Here the job is to print only the lines from the one containing "2015 Volvo V60 T5 Drive-E Platinum" to the end of the entries, both included, exactly as they stand, with pictures excluded.

──────── MATERIAL SUPPLIED

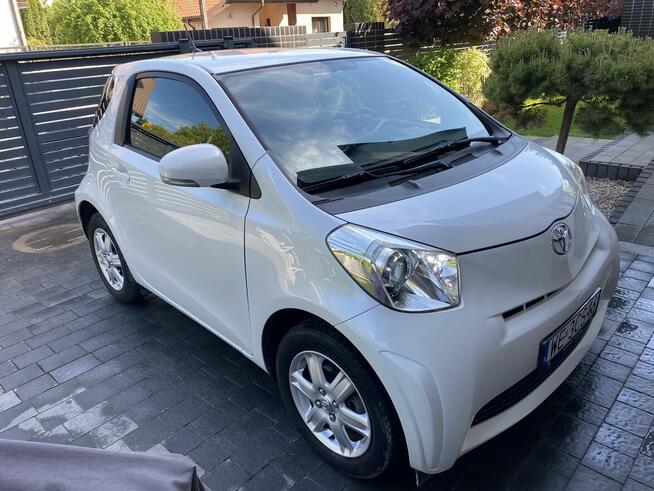 Piękna Toyota IQ 1.0 benzyna Biała perła Bezwypadkowa
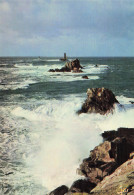 29 POINTE DU RAZ LES GORLES ET LE PHARE DE LA VIEILLE - La Pointe Du Raz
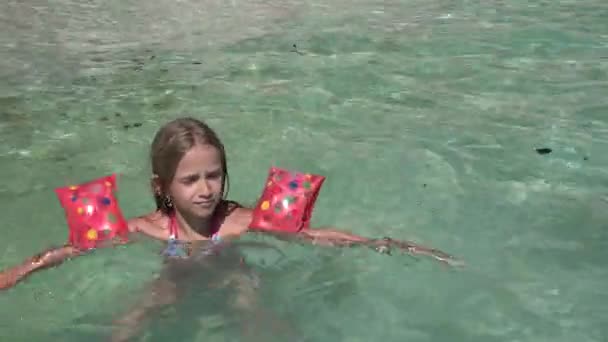 在海浪中玩耍的女孩 日出的海滩 孩子尝试游泳 — 图库视频影像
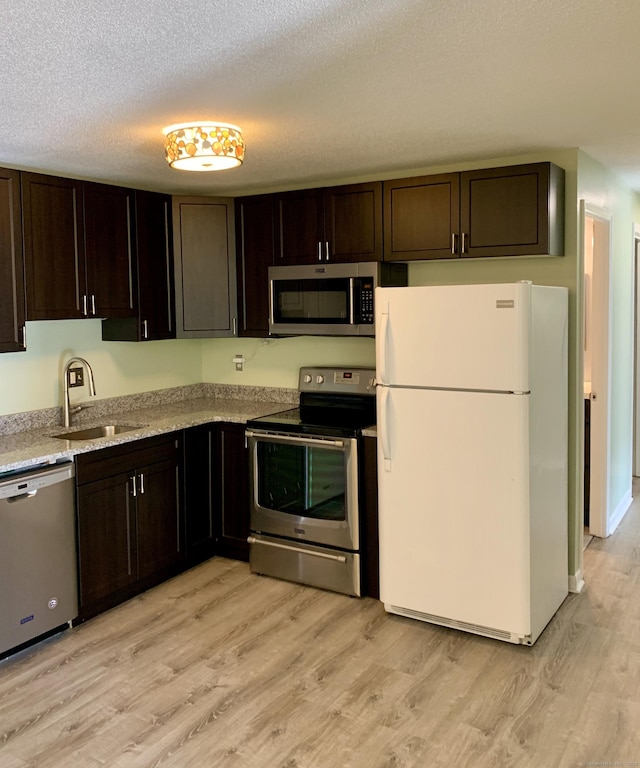 1305 Harbor View Dr Unit 1305, Rocky Hill, CT 06067 - photo 6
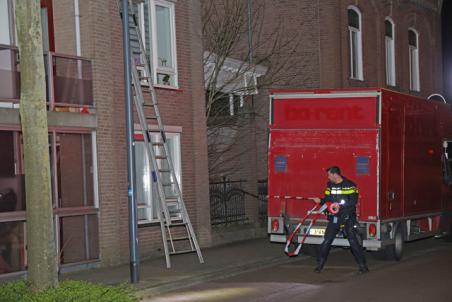 UPDATE: Man dringt woning binnen via ladder aan de Anna van Burenstraat Waalwijk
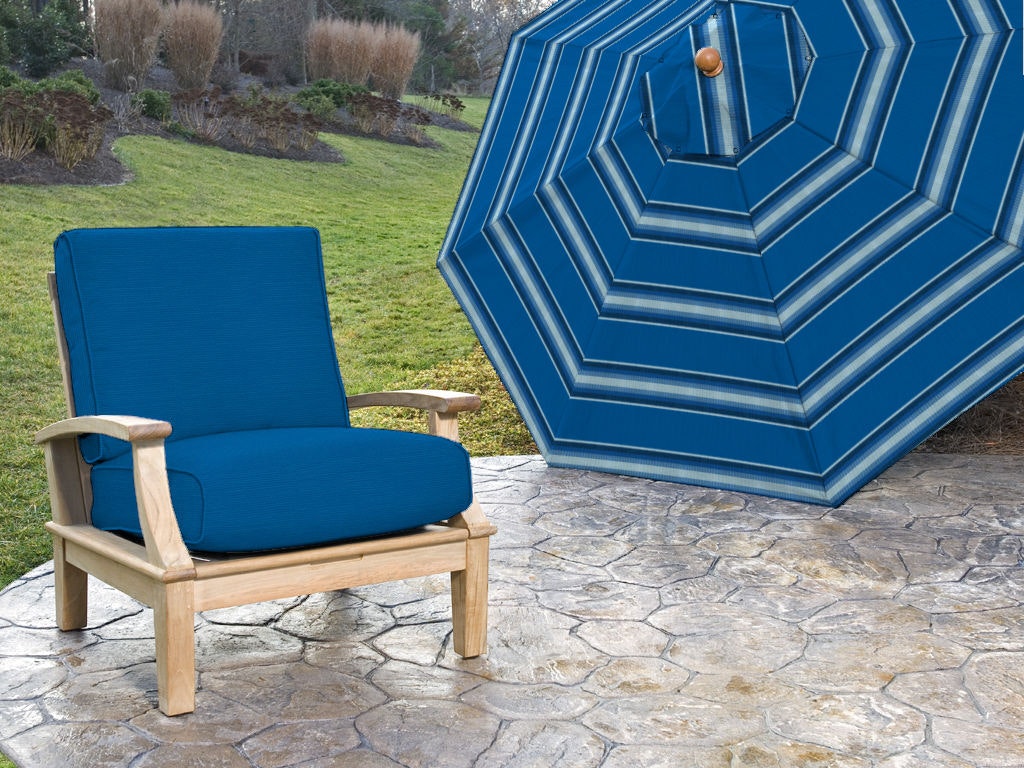 MicroD Chair and Umbrella Patio Set UMBRELLA-CHAIR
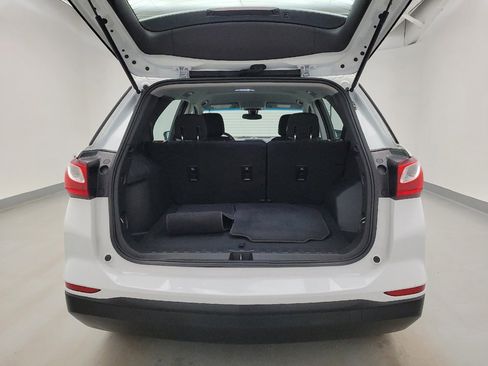 Used 2019 Chevrolet Equinox LS image 29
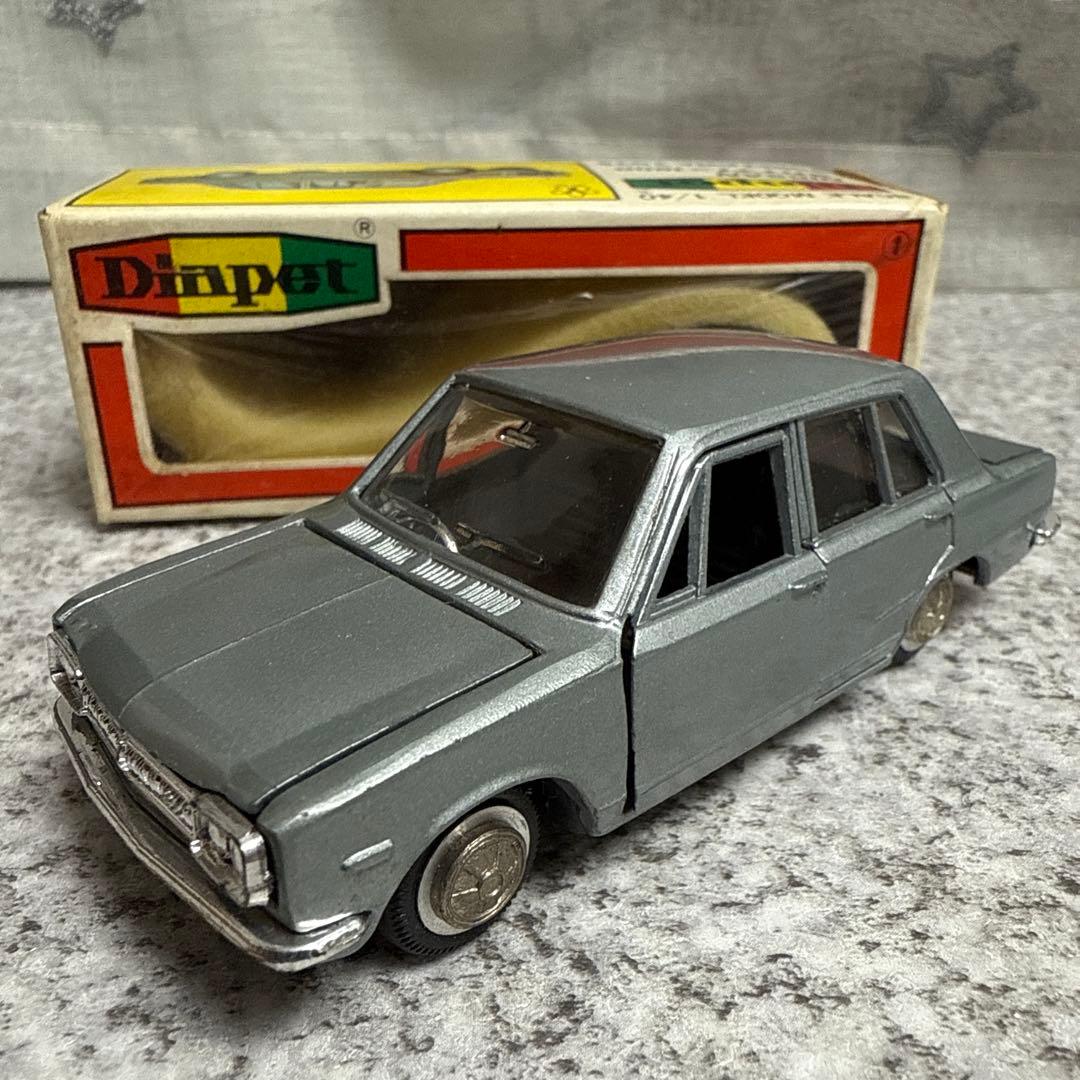 絶版ハコスカ　ダイヤペットNo.225NISSAN￼スカイライン1800 銀色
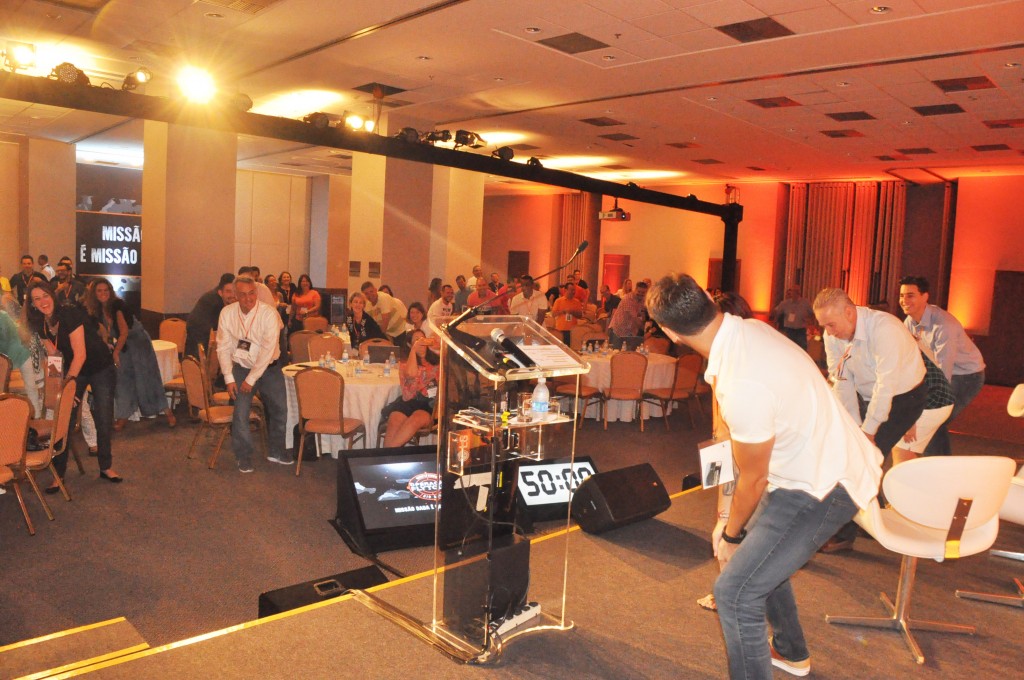 Elói Oliveira, Michael Barkoczy e Christiano Oliveira aqueceram os convidados no começo do evento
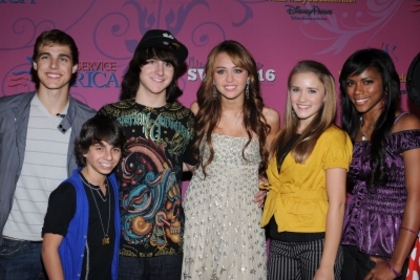 normal_Miley_Emily_12 - Sweet 16 Birthday Party at Disneyland on 05 10 2008 - Arrivals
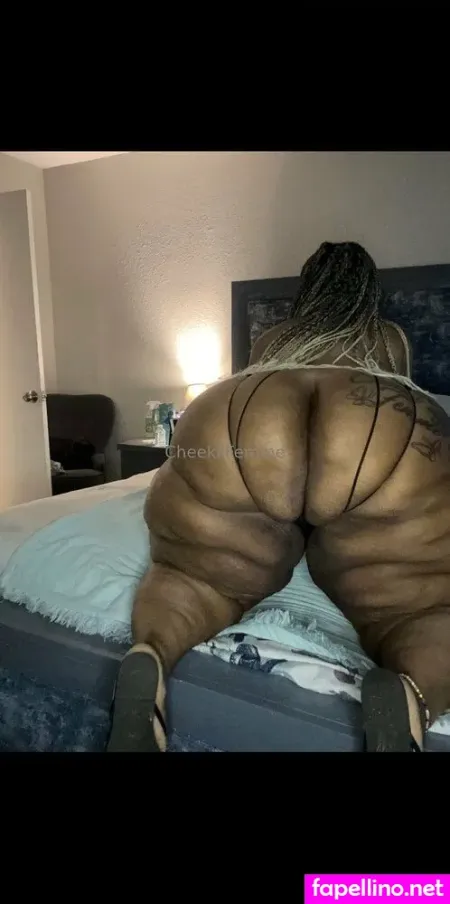 cheekiifemme02-thumbnail.webp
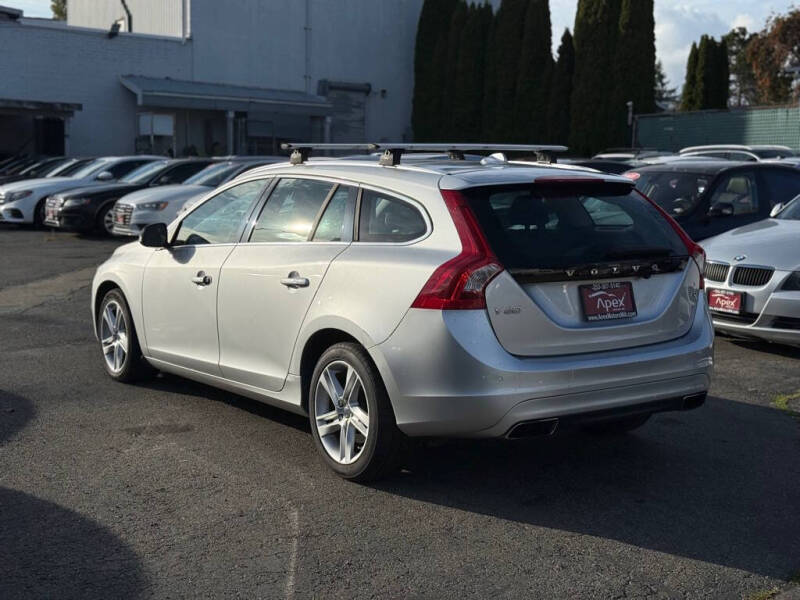 2015 Volvo V60 T5 Drive-E Platinum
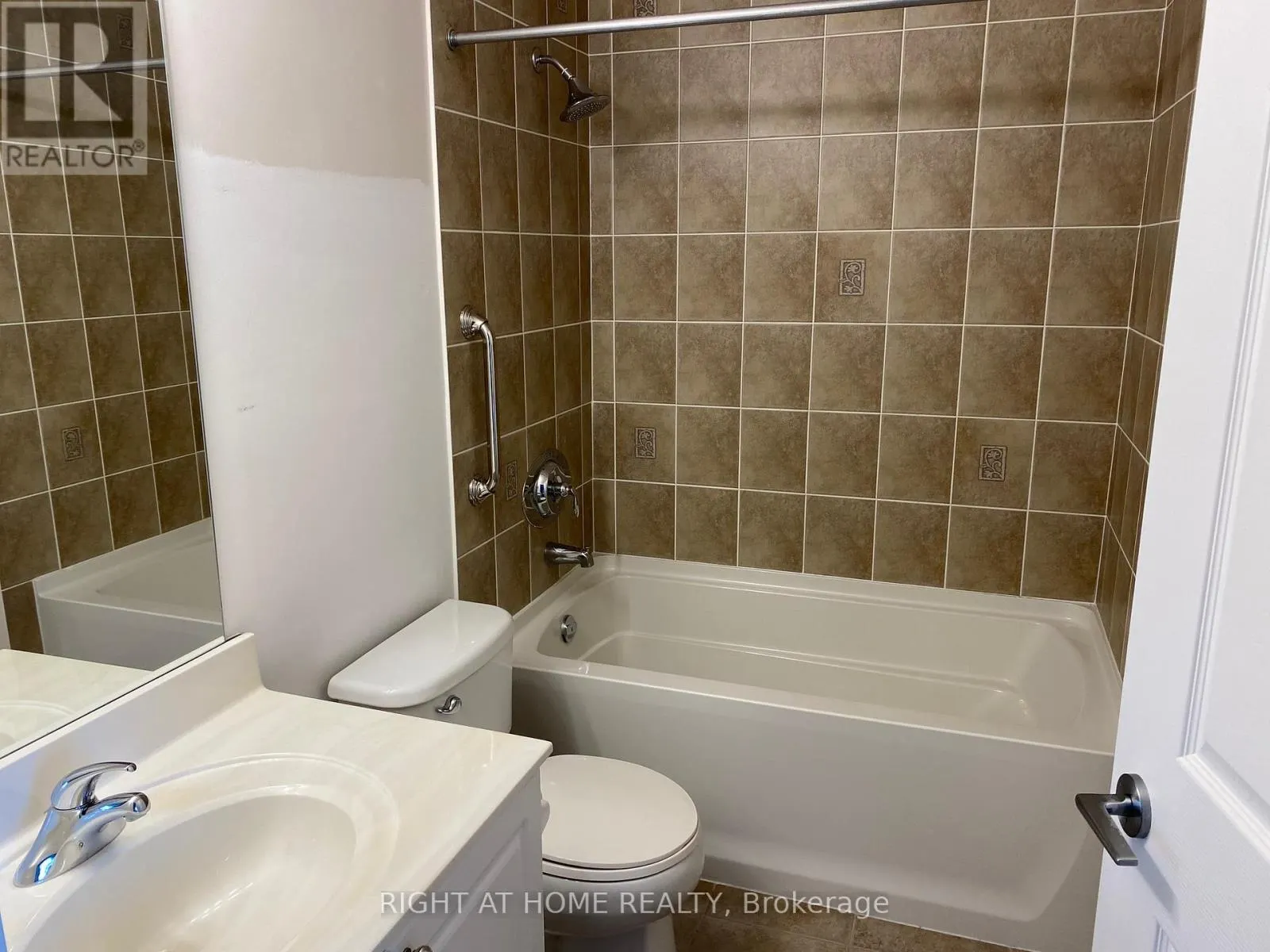 1206 - 2325 CENTRAL PARK DRIVE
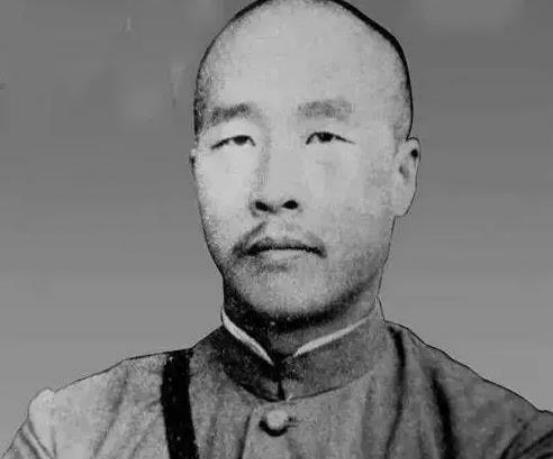 1930年，刚从南京返回胶东的刘珍年，野心勃勃地跟心腹说了一番豪言壮语，却没承想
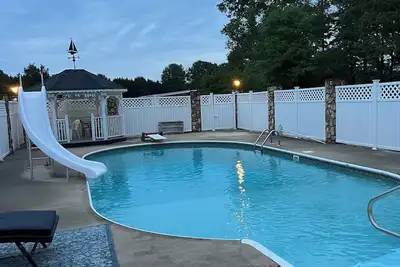 Image de Spacious ranch-style home with tranquil pool and multiple entertainment areas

────────────────

> [REPLY]
 2015 Volvo V60 T5 Drive-E Platinum
 1206 - 2325 CENTRAL PARK DRIVE
 1930年，刚从南京返回胶东的刘珍年，野心勃勃地跟心腹说了一番豪言壮语，却没承想
 Image de Spacious ranch-style home with tranquil pool and multiple entertainment areas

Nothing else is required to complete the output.